If the distance between the ball and the insulating case is microscopically small all around the ball it may stay charged for years since such a thin layer of air is an incredibly good insulator in contrast to thick layers of air which are only moderately good insulators.

 

[berkeman]

If the distance between the ball and the insulating case is microscopically small all around the ball it may stay charged for years since such a thin layer of air is an incredibly good insulator in contrast to thick layers of air which are only moderately good insulators.

Interesting. Why is that?

 

[Baluncore]

Maybe, if leakage is the result of ionising radiation reacting with the mass of air.
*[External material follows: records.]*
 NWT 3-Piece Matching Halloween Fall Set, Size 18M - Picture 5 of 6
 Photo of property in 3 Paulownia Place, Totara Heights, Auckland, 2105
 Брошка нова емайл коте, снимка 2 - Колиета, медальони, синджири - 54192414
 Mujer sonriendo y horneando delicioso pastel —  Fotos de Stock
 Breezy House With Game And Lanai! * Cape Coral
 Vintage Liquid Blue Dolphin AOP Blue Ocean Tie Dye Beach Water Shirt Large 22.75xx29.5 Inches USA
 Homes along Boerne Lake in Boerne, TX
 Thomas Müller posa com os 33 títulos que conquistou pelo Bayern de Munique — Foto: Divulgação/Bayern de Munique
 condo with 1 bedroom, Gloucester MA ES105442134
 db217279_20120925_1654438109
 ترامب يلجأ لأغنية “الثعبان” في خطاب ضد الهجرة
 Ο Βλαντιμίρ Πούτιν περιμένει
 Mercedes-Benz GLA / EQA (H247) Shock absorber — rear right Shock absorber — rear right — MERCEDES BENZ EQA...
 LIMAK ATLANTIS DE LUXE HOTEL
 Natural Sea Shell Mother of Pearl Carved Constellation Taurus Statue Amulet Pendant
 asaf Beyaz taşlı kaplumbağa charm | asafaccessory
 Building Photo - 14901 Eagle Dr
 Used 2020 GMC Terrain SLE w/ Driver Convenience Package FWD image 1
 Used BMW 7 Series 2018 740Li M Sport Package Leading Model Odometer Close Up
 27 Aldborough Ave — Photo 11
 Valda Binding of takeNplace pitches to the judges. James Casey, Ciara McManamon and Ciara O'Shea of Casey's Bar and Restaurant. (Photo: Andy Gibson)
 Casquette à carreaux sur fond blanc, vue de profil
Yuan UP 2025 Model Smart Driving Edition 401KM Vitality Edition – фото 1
Less air is less collisions, so less ions produced = lower leakage ? ? ?

 

[DrZoidberg]

There are two effects here.
For once the breakdown strenght of air increases as the gap width decreases. That is predicted by Paschen's law
http://en.wikipedia.org/wiki/Paschen's_law
At a few µm you need more than 40 MV/m while for a gap between 1cm and 1m it's around 3MV/m.
The second effect was explained already by Baluncore. There are not many ions in a tiny air gap so you can't get much of a current.
It's actually possible to "glue" two pieces of plastic foil together with static charge and under the right conditions (no moisture in between the foils, smooth surface so the gap is really small) the foil will stick together for many years.
You probably know that a roll of plastic foil can become charged when it's unrolled. But most people don't realize that that charge was put on the foil in the factory. It's not produced when you unroll it. Equal amounts of positive and negative charge are trapped in the roll of foil causing very strong fields in the gaps between the layers, while the total net charge is zero. That roll can be sitting on a shelf for years without loosing it's charge.

 

[berkeman]

Very interesting. Thanks! :smile

 

[Steven Ellet]

There are two effects here.
For once the breakdown strenght of air increases as the gap width decreases. That is predicted by Paschen's law
http://en.wikipedia.org/wiki/Paschen's_law
At a few µm you need more than 40 MV/m while for a gap between 1cm and 1m it's around 3MV/m.
The second effect was explained already by Baluncore. There are not many ions in a tiny air gap so you can't get much of a current.
It's actually possible to "glue" two pieces of plastic foil together with static charge and under the right conditions (no moisture in between the foils, smooth surface so the gap is really small) the foil will stick together for many years.
You probably know that a roll of plastic foil can become charged when it's unrolled. But most people don't realize that that charge was put on the foil in the factory. It's not produced when you unroll it. Equal amounts of positive and negative charge are trapped in the roll of foil causing very strong fields in the gaps between the layers, while the total net charge is zero. That roll can be sitting on a shelf for years without loosing it's charge.

Interesting DrZoidberg, but how would one know if there was the right level of air in between the material? or what the right level of air is?

 

[DrZoidberg]

It doesn't need to be precise. You just need two smooth surfaces that touch each other, at least one of which should be a good insulator, the other one can either be insulating or conducting e.g. aluminum and polyethylen foil. Even though they appear to touch there really is a microscopically small gap over most of the area.